___ Recorded information ___
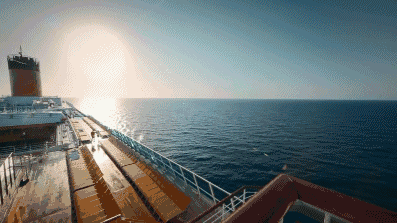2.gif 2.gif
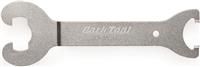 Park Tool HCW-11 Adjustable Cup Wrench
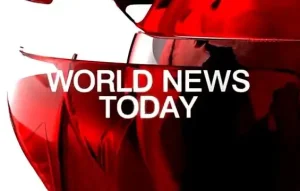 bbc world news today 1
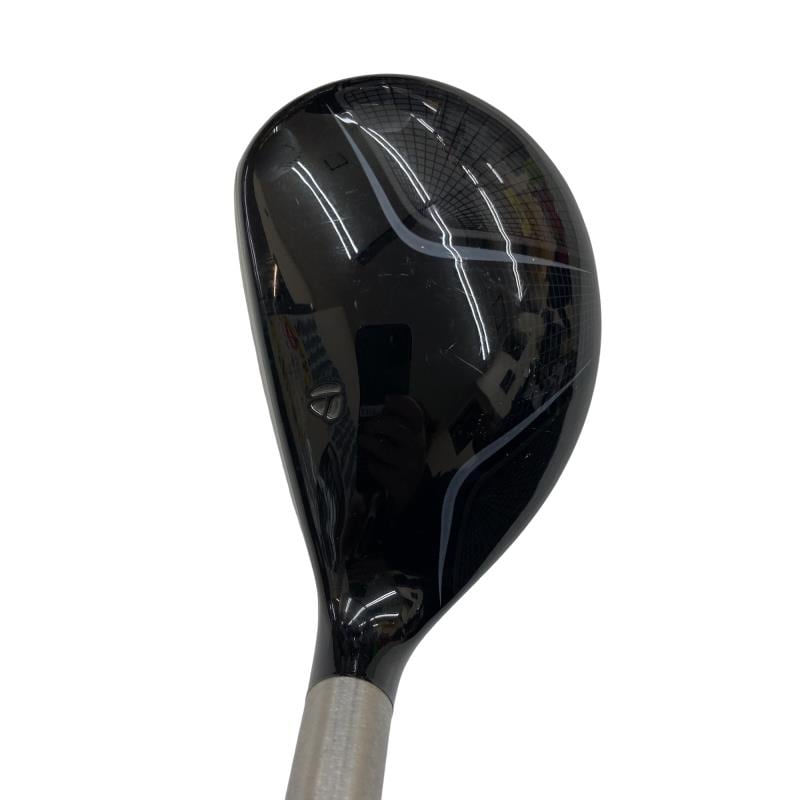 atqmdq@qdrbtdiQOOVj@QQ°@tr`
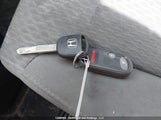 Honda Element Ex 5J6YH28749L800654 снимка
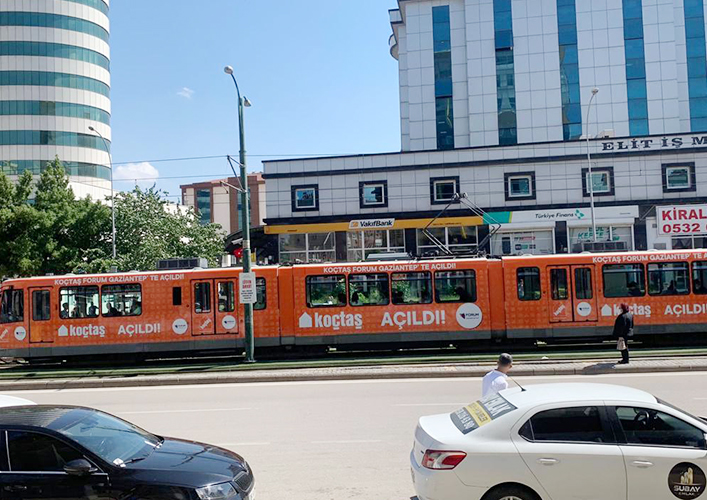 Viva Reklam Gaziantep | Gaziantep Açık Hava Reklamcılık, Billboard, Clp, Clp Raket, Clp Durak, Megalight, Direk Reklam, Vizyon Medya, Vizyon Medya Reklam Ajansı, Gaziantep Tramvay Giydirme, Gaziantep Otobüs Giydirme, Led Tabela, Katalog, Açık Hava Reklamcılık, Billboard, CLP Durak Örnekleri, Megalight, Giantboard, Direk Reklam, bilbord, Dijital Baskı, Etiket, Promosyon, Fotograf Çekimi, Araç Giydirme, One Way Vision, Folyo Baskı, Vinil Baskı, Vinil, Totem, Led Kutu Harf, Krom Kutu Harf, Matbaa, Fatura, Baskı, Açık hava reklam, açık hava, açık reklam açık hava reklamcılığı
___
___ Recorded information ___
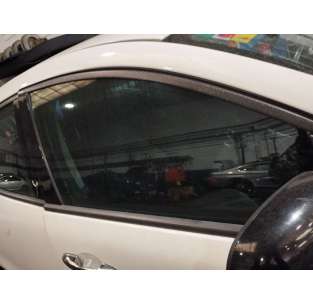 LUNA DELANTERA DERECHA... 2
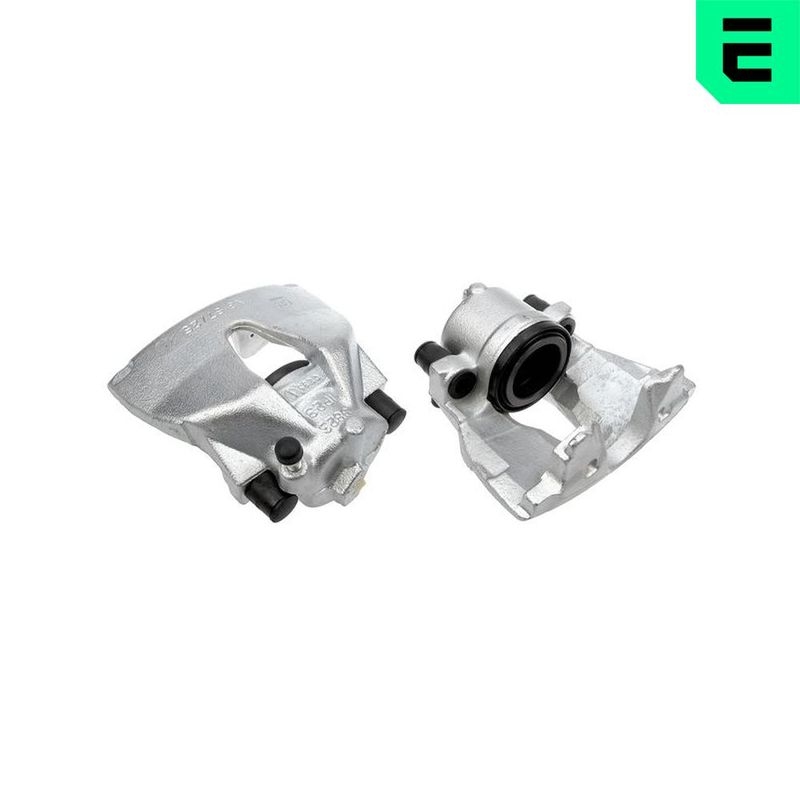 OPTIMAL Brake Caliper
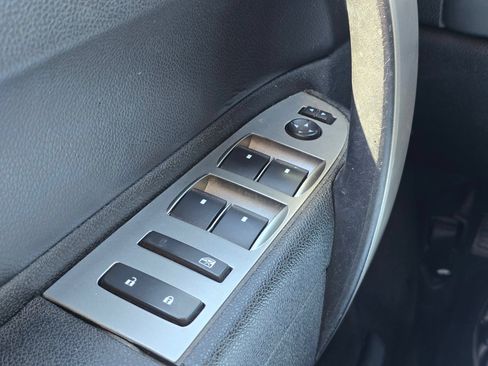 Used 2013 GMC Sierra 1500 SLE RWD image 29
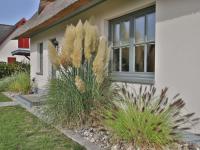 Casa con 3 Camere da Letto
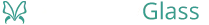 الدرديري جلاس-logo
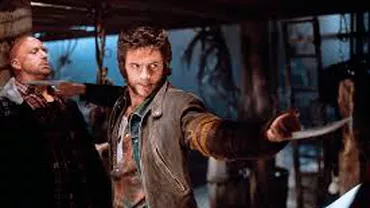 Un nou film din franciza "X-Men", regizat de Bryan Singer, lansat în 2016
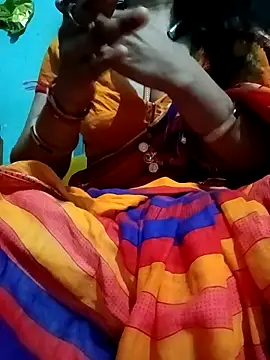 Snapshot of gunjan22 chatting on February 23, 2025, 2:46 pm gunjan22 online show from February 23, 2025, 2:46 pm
___
___ Recorded information ___
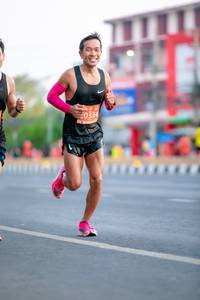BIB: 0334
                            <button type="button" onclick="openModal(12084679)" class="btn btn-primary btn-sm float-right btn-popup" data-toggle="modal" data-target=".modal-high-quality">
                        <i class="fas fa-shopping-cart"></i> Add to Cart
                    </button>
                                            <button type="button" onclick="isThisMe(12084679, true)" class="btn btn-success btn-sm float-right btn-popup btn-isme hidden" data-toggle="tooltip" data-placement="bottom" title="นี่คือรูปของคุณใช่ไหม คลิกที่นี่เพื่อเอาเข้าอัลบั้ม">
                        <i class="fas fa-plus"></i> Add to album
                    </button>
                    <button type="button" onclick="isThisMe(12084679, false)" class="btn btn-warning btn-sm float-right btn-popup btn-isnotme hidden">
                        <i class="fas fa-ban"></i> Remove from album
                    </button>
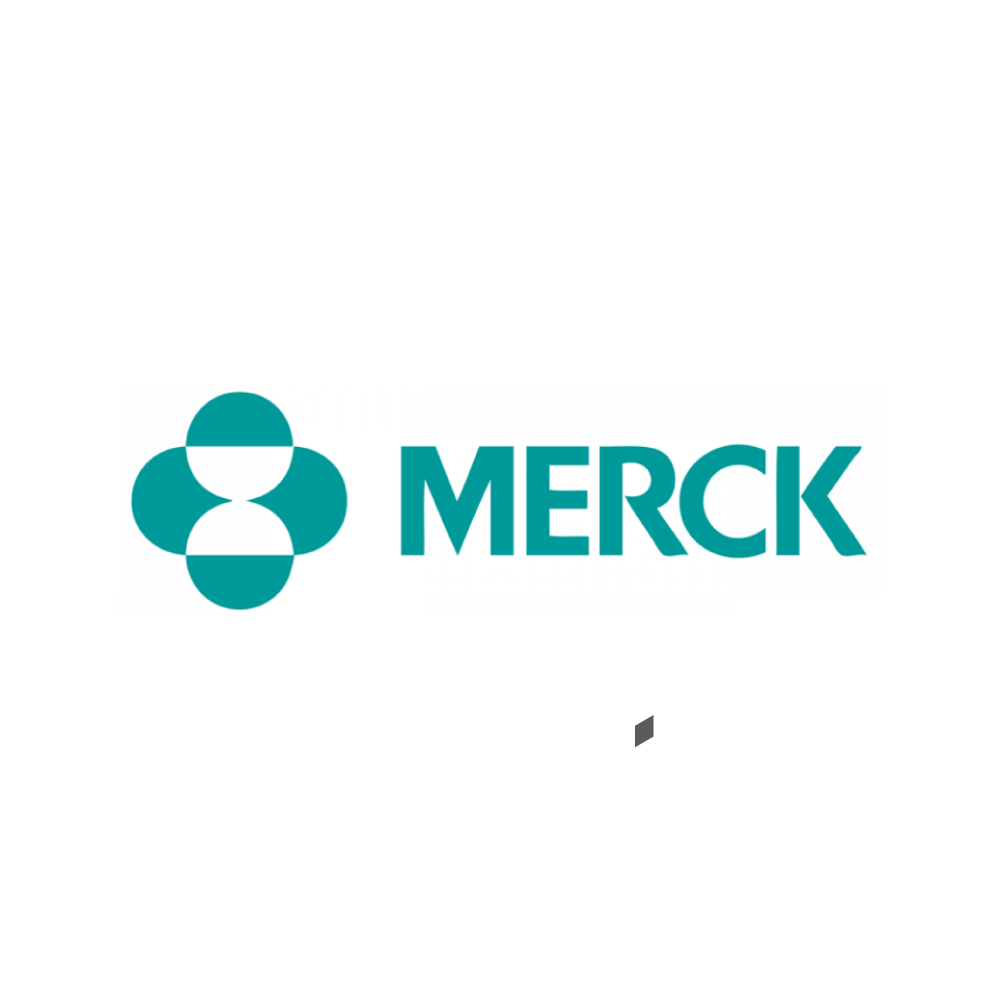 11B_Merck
___
#### [Exercise details]
In the entries above, find each line with "album" and list it.

#### [Answer to this exercise]
                        <i class="fas fa-plus"></i> Add to album
                        <i class="fas fa-ban"></i> Remove from album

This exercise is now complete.